» **MATERIAL PROVIDED**:
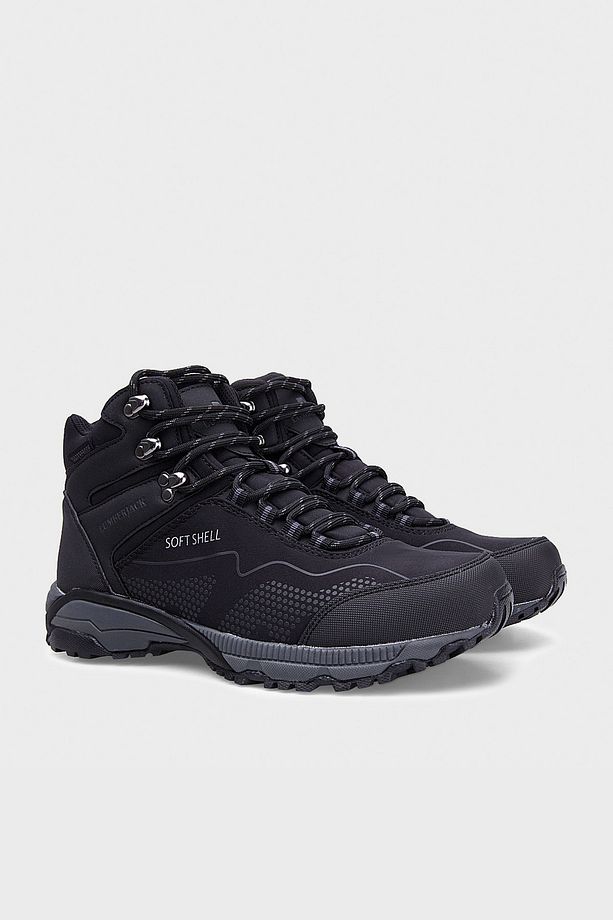 Su Geçirmez Soft Shell Bot Erkek Bot Eagle Hı 1pr - 4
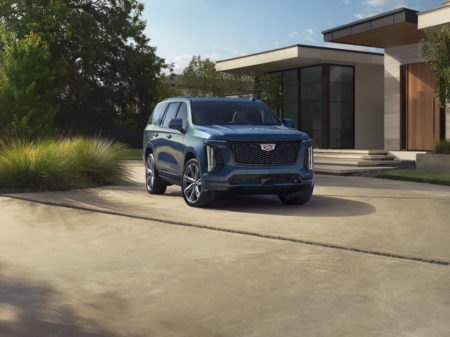 The Evolution of the Cadillac Escalade: From 1999 to Today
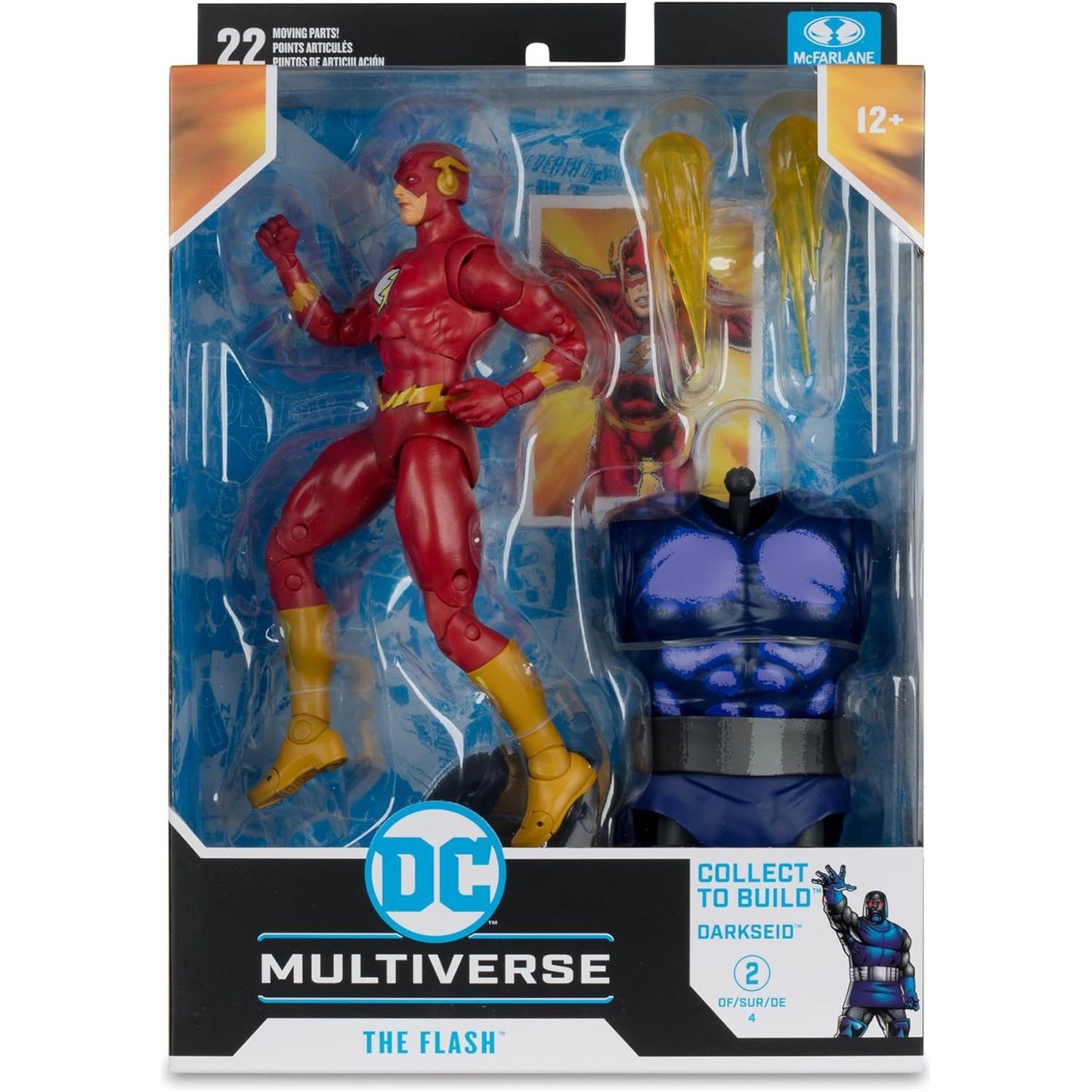 DC Multiverse - Justice League Task Force - The Flash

» **DIRECTIONS**: Locate "The Evolution of" in the listing above, then print exactly the lines from that line through the final one, omitting all pictures.

» **SOLUTION TO THIS PROBLEM**:
 The Evolution of the Cadillac Escalade: From 1999 to Today
 DC Multiverse - Justice League Task Force - The Flash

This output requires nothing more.